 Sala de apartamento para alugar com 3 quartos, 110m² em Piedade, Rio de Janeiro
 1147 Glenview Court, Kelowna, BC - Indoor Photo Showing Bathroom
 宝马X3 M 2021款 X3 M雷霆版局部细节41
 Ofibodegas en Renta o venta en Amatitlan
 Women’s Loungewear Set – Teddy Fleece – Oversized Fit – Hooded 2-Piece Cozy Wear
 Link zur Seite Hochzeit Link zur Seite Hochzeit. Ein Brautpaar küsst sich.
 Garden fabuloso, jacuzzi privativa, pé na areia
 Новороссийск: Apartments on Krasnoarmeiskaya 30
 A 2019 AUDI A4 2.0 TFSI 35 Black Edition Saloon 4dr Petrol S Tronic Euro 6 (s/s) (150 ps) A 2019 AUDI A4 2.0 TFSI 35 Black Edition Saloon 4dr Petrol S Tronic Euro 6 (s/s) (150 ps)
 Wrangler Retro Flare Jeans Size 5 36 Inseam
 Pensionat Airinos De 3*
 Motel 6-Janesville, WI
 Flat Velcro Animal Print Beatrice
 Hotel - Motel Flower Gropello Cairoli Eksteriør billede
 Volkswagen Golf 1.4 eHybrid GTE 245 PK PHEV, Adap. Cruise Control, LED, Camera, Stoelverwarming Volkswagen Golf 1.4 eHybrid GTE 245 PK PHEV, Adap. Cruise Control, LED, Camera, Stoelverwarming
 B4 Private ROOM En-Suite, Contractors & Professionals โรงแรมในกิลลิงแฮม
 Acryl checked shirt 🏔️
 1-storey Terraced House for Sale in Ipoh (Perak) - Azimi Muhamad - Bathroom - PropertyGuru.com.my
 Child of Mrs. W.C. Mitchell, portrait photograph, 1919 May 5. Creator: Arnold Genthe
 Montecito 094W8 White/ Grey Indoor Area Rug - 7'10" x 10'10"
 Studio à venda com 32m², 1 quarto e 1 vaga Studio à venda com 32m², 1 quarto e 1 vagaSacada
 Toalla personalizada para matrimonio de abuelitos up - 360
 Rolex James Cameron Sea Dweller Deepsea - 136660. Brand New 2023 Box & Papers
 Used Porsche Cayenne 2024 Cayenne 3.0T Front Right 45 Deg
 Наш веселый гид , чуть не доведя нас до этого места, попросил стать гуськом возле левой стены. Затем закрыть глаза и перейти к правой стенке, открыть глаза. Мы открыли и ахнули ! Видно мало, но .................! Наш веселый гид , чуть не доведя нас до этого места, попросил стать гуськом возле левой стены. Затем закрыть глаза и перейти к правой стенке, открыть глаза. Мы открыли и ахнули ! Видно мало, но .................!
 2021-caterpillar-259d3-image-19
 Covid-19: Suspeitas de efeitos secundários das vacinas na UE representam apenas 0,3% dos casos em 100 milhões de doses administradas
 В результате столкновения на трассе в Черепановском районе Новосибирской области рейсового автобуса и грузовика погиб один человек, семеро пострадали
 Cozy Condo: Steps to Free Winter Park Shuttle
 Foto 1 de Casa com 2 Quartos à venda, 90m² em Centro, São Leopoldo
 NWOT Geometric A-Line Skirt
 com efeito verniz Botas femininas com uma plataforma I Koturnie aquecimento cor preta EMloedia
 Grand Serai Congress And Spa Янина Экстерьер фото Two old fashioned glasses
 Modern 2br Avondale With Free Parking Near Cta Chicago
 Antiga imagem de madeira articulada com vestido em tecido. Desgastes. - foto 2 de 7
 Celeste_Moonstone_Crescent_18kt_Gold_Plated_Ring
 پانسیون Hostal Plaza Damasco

● ● ●

* _Exercise instructions_: Using the listing above, locate the lines that hold "venda" and copy each one.

* _Response to the task_:
 Studio à venda com 32m², 1 quarto e 1 vaga Studio à venda com 32m², 1 quarto e 1 vagaSacada
 Foto 1 de Casa com 2 Quartos à venda, 90m² em Centro, São Leopoldo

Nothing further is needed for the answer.